Excerpted data >>
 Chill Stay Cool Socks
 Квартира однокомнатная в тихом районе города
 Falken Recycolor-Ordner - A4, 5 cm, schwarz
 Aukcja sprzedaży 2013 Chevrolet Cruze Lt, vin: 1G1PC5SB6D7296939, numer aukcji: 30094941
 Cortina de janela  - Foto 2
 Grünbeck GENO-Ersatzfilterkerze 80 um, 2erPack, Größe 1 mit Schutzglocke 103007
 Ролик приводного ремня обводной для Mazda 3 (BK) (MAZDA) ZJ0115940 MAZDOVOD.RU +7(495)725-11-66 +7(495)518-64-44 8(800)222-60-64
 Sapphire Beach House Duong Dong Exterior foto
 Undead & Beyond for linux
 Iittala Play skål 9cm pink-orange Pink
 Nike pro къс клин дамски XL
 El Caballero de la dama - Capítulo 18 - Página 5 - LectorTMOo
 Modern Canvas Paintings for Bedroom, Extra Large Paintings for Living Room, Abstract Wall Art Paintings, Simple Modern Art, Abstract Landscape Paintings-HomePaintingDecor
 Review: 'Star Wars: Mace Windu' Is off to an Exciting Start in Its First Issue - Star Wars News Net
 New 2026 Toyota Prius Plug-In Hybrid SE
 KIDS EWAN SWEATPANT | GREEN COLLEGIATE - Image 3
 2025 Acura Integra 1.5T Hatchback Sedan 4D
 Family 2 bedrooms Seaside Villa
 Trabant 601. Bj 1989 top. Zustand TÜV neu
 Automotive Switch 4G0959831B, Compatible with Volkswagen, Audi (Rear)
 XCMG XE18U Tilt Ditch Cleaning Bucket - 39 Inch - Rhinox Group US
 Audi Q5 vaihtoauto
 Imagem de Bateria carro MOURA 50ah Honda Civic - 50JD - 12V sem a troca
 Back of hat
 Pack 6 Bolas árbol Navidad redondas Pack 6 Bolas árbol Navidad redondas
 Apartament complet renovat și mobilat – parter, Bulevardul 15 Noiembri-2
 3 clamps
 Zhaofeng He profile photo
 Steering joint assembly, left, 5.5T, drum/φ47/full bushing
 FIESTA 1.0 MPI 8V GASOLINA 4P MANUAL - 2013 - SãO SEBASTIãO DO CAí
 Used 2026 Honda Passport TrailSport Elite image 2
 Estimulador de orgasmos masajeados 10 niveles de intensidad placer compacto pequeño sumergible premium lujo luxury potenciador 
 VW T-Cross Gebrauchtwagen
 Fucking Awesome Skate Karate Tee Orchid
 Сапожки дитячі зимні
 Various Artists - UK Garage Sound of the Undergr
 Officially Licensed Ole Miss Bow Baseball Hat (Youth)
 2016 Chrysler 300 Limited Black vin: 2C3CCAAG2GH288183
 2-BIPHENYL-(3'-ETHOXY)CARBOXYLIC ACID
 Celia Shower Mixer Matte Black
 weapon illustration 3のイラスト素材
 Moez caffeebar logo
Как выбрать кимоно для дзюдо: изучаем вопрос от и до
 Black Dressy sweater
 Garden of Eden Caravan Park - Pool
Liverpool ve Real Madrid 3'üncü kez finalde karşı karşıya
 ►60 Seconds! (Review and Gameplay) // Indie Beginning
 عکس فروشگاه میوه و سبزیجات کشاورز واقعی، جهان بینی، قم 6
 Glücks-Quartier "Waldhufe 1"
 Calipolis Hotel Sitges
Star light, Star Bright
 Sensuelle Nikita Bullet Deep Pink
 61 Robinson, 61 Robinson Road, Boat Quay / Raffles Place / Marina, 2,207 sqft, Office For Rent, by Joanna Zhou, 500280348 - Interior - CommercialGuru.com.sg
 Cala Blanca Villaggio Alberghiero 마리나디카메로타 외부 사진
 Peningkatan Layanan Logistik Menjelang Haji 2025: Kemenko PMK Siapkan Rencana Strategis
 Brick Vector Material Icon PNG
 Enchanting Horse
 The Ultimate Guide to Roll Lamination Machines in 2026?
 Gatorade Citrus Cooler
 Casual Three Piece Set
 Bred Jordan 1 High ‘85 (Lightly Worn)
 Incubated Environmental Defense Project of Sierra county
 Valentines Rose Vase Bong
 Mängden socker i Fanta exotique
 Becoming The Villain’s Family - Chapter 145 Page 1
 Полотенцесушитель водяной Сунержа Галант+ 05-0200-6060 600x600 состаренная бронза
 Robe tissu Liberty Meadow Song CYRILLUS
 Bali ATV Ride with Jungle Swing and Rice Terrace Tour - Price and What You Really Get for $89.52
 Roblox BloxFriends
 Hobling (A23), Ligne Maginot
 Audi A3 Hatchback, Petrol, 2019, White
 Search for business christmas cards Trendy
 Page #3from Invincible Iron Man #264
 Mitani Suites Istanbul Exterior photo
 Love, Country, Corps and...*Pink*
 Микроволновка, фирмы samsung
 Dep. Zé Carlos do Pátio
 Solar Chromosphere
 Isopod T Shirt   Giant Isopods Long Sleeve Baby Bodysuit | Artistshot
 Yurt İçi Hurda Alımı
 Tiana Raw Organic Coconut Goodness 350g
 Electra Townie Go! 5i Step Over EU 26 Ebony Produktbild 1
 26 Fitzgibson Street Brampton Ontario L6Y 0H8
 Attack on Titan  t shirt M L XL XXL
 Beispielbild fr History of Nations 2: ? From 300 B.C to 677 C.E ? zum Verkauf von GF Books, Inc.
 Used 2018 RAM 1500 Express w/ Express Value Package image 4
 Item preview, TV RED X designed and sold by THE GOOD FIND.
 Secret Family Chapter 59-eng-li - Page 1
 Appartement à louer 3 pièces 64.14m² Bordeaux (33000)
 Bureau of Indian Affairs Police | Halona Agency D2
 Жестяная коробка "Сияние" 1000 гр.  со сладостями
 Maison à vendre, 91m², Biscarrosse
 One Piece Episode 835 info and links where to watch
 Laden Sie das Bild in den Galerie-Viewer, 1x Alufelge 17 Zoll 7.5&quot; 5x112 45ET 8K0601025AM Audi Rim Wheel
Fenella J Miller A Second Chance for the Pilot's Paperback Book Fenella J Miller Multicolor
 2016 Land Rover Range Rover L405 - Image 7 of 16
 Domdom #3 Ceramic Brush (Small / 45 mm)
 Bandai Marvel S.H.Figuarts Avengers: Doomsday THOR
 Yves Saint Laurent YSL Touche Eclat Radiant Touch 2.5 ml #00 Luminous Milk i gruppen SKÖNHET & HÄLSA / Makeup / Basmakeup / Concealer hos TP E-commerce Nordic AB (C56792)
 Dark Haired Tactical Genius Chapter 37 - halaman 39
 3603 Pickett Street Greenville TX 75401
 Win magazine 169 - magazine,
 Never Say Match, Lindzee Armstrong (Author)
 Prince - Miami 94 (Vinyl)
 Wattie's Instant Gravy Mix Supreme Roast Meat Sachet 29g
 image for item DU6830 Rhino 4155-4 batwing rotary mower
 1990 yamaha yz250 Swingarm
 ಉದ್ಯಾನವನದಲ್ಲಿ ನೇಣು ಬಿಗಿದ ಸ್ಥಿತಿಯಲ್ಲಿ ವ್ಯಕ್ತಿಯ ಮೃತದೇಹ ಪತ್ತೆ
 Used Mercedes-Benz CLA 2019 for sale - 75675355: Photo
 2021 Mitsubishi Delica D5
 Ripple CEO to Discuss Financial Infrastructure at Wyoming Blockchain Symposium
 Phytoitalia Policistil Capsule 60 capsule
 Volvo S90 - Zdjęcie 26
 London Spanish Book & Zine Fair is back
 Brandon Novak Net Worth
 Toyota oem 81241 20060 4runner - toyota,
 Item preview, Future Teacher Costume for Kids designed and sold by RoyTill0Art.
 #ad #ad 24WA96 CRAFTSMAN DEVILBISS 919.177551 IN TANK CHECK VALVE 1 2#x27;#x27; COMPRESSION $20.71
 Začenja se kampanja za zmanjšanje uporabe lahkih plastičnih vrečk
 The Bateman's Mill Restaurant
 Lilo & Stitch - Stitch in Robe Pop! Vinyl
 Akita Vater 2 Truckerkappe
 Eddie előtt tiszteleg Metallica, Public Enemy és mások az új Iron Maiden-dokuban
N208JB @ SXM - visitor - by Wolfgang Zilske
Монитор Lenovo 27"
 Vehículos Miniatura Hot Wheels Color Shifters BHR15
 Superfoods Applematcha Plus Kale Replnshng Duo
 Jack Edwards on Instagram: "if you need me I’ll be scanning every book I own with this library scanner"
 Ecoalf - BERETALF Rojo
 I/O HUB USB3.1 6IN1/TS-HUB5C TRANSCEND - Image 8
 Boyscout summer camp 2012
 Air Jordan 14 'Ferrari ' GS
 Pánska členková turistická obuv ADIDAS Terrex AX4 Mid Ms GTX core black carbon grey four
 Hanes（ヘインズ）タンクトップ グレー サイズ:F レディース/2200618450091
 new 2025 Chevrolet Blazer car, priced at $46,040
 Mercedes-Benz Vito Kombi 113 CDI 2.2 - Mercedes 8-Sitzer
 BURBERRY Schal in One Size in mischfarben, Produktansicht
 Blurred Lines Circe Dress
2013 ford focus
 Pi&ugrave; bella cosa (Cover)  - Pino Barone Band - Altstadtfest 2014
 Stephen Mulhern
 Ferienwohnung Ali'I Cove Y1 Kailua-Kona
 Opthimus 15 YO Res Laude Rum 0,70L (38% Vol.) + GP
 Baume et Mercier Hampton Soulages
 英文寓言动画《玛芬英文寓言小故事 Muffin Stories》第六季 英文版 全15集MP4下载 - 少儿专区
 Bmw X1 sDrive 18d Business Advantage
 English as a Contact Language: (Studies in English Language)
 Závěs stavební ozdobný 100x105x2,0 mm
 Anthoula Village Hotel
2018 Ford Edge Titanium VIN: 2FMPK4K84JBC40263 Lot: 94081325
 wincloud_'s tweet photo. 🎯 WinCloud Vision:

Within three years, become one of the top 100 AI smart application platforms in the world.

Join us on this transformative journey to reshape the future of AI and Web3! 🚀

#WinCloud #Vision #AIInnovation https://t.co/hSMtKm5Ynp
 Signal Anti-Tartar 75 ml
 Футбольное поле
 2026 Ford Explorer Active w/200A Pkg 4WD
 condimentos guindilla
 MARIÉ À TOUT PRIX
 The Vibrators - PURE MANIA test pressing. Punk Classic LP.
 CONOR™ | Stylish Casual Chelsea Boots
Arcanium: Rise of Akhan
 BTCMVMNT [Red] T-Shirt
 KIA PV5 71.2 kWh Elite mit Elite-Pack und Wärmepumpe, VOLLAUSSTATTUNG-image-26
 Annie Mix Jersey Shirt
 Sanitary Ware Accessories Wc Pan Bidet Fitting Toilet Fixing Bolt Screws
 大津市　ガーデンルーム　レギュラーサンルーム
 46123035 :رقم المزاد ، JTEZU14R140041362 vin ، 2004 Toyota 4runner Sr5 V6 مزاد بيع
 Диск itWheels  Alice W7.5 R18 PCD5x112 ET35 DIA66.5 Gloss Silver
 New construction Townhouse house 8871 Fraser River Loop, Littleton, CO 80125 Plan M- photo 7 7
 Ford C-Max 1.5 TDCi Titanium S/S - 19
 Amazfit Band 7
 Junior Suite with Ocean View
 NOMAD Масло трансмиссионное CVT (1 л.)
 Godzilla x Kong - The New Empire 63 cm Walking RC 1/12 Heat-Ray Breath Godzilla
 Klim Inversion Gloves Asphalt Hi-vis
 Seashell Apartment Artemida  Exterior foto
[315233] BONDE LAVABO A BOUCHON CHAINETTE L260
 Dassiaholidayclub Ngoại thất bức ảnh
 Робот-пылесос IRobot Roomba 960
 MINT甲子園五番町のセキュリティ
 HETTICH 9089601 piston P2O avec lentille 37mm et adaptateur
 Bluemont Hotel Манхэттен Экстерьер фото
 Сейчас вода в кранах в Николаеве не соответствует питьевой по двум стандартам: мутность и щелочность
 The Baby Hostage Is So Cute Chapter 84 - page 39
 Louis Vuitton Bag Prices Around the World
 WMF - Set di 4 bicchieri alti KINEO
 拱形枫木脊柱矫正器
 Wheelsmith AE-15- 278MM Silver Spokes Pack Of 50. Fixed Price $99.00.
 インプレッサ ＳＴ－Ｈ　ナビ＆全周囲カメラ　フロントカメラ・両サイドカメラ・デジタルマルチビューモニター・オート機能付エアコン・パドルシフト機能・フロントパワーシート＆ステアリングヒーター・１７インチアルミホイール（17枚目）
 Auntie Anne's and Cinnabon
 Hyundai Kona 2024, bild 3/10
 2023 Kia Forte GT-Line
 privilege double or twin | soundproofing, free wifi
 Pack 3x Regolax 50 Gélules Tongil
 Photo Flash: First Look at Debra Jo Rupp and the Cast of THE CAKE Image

To do >> Print exactly the lines above, between the one holding "Modern Canvas Paintings" and the one holding "Back of hat", inclusive, and nothing besides.

Problem solution >>
 Modern Canvas Paintings for Bedroom, Extra Large Paintings for Living Room, Abstract Wall Art Paintings, Simple Modern Art, Abstract Landscape Paintings-HomePaintingDecor
 Review: 'Star Wars: Mace Windu' Is off to an Exciting Start in Its First Issue - Star Wars News Net
 New 2026 Toyota Prius Plug-In Hybrid SE
 KIDS EWAN SWEATPANT | GREEN COLLEGIATE - Image 3
 2025 Acura Integra 1.5T Hatchback Sedan 4D
 Family 2 bedrooms Seaside Villa
 Trabant 601. Bj 1989 top. Zustand TÜV neu
 Automotive Switch 4G0959831B, Compatible with Volkswagen, Audi (Rear)
 XCMG XE18U Tilt Ditch Cleaning Bucket - 39 Inch - Rhinox Group US
 Audi Q5 vaihtoauto
 Imagem de Bateria carro MOURA 50ah Honda Civic - 50JD - 12V sem a troca
 Back of hat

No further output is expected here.